'''

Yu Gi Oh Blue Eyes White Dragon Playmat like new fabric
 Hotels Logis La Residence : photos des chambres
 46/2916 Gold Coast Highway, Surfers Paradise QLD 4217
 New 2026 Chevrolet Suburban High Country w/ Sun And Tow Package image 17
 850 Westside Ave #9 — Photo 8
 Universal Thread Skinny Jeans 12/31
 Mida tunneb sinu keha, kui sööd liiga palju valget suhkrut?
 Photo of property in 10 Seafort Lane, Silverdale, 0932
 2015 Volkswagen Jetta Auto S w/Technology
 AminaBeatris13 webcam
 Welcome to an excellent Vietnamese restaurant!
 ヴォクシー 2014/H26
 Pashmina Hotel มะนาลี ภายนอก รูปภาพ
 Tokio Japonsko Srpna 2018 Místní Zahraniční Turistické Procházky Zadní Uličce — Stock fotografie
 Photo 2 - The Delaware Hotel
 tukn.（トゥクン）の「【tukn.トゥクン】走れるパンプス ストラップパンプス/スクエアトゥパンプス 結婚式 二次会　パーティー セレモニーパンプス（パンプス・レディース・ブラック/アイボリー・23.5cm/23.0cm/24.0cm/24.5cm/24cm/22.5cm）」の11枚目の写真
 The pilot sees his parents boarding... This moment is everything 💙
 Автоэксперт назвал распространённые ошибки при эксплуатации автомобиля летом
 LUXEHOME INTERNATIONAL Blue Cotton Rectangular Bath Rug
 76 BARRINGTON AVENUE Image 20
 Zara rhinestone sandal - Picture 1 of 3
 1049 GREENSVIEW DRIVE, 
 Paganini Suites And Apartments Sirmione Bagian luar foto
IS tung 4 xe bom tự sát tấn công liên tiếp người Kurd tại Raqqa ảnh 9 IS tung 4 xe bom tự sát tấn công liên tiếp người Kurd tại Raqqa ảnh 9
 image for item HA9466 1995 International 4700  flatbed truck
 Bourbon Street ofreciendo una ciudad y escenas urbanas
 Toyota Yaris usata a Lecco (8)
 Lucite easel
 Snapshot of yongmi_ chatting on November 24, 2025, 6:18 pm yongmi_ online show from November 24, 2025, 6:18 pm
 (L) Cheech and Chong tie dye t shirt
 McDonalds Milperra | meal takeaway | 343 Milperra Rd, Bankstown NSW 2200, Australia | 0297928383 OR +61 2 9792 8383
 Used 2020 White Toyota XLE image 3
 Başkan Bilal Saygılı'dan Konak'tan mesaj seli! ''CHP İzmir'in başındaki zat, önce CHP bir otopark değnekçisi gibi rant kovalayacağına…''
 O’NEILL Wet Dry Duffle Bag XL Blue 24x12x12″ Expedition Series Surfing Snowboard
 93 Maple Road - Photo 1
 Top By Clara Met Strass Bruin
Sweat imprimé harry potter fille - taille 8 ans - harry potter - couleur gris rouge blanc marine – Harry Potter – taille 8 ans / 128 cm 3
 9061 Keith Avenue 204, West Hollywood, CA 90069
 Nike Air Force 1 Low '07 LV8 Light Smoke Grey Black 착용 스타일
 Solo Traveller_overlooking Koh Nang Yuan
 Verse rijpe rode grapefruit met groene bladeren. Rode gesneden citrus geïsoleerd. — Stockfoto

'''

**What this task involves**
Print exactly the lines above from the one with "New 2026 Chevrolet" to the one with "image for item", including both.

**Result of the task**
 New 2026 Chevrolet Suburban High Country w/ Sun And Tow Package image 17
 850 Westside Ave #9 — Photo 8
 Universal Thread Skinny Jeans 12/31
 Mida tunneb sinu keha, kui sööd liiga palju valget suhkrut?
 Photo of property in 10 Seafort Lane, Silverdale, 0932
 2015 Volkswagen Jetta Auto S w/Technology
 AminaBeatris13 webcam
 Welcome to an excellent Vietnamese restaurant!
 ヴォクシー 2014/H26
 Pashmina Hotel มะนาลี ภายนอก รูปภาพ
 Tokio Japonsko Srpna 2018 Místní Zahraniční Turistické Procházky Zadní Uličce — Stock fotografie
 Photo 2 - The Delaware Hotel
 tukn.（トゥクン）の「【tukn.トゥクン】走れるパンプス ストラップパンプス/スクエアトゥパンプス 結婚式 二次会　パーティー セレモニーパンプス（パンプス・レディース・ブラック/アイボリー・23.5cm/23.0cm/24.0cm/24.5cm/24cm/22.5cm）」の11枚目の写真
 The pilot sees his parents boarding... This moment is everything 💙
 Автоэксперт назвал распространённые ошибки при эксплуатации автомобиля летом
 LUXEHOME INTERNATIONAL Blue Cotton Rectangular Bath Rug
 76 BARRINGTON AVENUE Image 20
 Zara rhinestone sandal - Picture 1 of 3
 1049 GREENSVIEW DRIVE, 
 Paganini Suites And Apartments Sirmione Bagian luar foto
IS tung 4 xe bom tự sát tấn công liên tiếp người Kurd tại Raqqa ảnh 9 IS tung 4 xe bom tự sát tấn công liên tiếp người Kurd tại Raqqa ảnh 9
 image for item HA9466 1995 International 4700  flatbed truck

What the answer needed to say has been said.